We deliver to enterprise retailers a product that’s designed to have the technology get out of the way and allow them to just do their jobs in the best way they know how, using customer data to deliver highly personalized campaigns that bring results. That philosophy carries over to cross-channel campaigns too, as we provide a drag-and-drop visual journey builder that lets marketers build campaigns across email, mobile push, and SMS in one campaign. This allows marketers to — in one single journey and UI — specify the correct channel for a campaign, based upon customer preference or their own, ensuring that customers always receive the right message on the right channel at the right time.
The Results: Connecting directly to their data transforms their marketing strategy
When enterprise retailers begin working with their own data, the change they see tends to be pretty immediate. For those who have been doing things the old way for years, it can be a paradigm shift in how they think about the way cross-channel messaging works.

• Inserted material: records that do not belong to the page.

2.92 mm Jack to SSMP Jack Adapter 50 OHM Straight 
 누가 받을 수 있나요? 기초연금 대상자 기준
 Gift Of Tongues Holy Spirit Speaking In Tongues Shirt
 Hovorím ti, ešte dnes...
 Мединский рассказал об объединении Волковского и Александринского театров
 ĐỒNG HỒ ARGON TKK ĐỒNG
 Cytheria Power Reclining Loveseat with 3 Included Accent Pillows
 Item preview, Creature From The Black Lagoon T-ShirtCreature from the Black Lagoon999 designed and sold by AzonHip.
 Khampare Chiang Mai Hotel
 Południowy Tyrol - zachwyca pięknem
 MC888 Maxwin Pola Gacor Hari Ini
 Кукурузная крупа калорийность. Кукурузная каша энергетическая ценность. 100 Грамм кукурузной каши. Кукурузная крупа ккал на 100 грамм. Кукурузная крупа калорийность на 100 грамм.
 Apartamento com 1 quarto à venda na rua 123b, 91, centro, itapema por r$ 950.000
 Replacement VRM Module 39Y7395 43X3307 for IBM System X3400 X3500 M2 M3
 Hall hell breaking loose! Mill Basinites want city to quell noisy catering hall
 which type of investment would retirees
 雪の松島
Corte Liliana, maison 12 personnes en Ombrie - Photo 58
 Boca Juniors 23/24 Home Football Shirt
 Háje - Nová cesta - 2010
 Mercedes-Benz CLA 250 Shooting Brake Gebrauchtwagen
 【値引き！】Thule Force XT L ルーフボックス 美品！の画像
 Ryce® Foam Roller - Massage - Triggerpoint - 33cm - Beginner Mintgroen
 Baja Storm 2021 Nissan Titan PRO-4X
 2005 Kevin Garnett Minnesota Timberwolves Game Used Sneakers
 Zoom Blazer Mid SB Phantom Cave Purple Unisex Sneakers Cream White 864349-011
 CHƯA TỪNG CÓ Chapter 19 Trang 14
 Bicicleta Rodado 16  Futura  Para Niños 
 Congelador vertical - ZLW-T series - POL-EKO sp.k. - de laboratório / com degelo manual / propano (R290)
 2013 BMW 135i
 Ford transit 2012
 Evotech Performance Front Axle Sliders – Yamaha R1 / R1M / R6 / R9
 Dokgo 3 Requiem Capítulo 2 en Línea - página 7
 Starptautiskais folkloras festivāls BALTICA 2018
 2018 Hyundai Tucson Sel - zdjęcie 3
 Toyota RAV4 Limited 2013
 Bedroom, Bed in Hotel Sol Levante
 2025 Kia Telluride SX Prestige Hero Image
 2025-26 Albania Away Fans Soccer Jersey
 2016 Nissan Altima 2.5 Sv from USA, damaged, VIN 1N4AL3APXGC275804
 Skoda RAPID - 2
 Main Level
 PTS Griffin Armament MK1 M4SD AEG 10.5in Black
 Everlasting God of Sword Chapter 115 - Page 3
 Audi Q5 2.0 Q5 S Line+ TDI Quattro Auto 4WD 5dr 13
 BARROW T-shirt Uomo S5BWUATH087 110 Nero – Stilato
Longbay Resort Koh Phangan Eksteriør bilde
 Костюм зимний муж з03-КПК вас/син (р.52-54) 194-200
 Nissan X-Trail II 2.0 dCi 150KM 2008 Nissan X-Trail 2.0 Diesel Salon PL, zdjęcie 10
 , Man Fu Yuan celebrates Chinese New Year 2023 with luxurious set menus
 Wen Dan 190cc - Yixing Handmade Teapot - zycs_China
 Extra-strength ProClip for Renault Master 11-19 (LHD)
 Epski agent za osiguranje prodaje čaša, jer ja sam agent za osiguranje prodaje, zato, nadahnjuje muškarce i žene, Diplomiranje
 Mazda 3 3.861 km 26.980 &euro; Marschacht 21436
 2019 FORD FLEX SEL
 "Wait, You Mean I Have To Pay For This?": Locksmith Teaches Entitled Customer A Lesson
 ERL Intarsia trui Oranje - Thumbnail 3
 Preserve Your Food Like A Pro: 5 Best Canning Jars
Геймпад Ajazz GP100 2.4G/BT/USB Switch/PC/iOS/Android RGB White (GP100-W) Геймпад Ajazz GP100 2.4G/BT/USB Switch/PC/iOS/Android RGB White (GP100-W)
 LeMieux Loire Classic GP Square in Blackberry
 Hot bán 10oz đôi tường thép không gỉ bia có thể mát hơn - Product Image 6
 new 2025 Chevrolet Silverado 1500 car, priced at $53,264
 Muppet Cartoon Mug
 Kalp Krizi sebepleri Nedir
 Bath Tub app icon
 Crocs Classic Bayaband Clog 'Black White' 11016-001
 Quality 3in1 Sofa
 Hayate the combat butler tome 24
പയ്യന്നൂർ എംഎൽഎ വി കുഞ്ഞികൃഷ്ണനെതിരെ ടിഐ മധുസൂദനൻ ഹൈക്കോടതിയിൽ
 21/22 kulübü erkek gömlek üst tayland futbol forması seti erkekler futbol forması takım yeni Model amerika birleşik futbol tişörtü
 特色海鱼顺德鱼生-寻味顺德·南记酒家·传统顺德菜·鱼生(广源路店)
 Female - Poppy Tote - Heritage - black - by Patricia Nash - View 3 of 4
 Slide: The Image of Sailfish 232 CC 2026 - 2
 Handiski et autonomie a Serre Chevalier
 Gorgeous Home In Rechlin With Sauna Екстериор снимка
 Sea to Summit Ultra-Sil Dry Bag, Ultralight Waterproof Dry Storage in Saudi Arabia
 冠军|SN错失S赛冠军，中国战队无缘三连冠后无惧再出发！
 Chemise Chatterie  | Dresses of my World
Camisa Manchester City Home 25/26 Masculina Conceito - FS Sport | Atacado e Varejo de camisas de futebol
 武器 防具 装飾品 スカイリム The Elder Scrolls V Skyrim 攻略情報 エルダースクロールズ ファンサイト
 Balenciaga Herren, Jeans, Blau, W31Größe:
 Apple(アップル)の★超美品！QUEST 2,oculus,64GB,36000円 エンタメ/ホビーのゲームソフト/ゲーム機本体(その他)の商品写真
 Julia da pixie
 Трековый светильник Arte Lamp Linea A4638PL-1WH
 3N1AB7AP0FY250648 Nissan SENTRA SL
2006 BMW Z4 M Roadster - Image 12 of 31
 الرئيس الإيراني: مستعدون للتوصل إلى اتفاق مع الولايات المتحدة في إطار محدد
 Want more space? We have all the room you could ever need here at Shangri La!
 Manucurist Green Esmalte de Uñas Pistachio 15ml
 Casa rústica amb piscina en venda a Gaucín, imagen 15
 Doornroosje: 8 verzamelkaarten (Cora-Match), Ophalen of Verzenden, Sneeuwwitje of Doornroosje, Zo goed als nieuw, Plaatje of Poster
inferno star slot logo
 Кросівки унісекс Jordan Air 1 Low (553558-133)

Looking at their biggest initial problems, here’s how everything changes:
As all that data changes at a dizzying rate, enterprise retailers are now able to take advantage of it, sending customers campaigns that are highly relevant up to the minute. Because the messages reflect the most recent customer behavior, as well as updated inventory and pricing, they’re assured that the relevance to the customer will be high. Previously, they might have been hesitant to send an email with customer loyalty points and potential rewards included, but now that they’re working with live data, it’s as easy as setting up the campaign and letting it run, improving the customer experience and loyalty at the same time.
With no more syncs, enterprise retailers don’t have to wait for any changes they make to be reflected in the data they’re using for campaigns. They can update a record or add a field, and immediately put it into a campaign. If QA finds a problem, make the change and it’s available for use. All of this saves significant time and frustration for the team.
It also means that those abandoned cart campaigns can be sent at whatever interval works best for the marketing team, without any dependencies on sync times. Retail marketers can experiment on what timing converts at the highest rate — whether that’s two hours, one, or even less — and be confident those triggered campaigns are going to reach inboxes at the time that’s most likely to bring that customer back to complete the purchase.
Because MessageGears doesn’t store any of the enterprise retailer’s data, there’s no charge for data storage. Ever. It’s that simple. That alone saves the retailer a tremendous amount of money they can put toward whatever needs they might have. And when the name of the game is keeping spend under control while increasing revenue, cutting extraneous costs that have nothing to do with revenue generation is a huge win for every enterprise retail team.
Building true cross-channel campaigns is a significant step forward for the enterprise retailer, allowing them to confidently reach customers with coherent campaigns that take into account customer preferences and the potential of each channel. If one customer wants their transactional messages via email and another via SMS, enterprise marketers can simply put those customers in the correct segment via an easy drag-and-drop builder. Customers feel like the retailer is listening to and understands them, and is more likely to purchase from them in the future.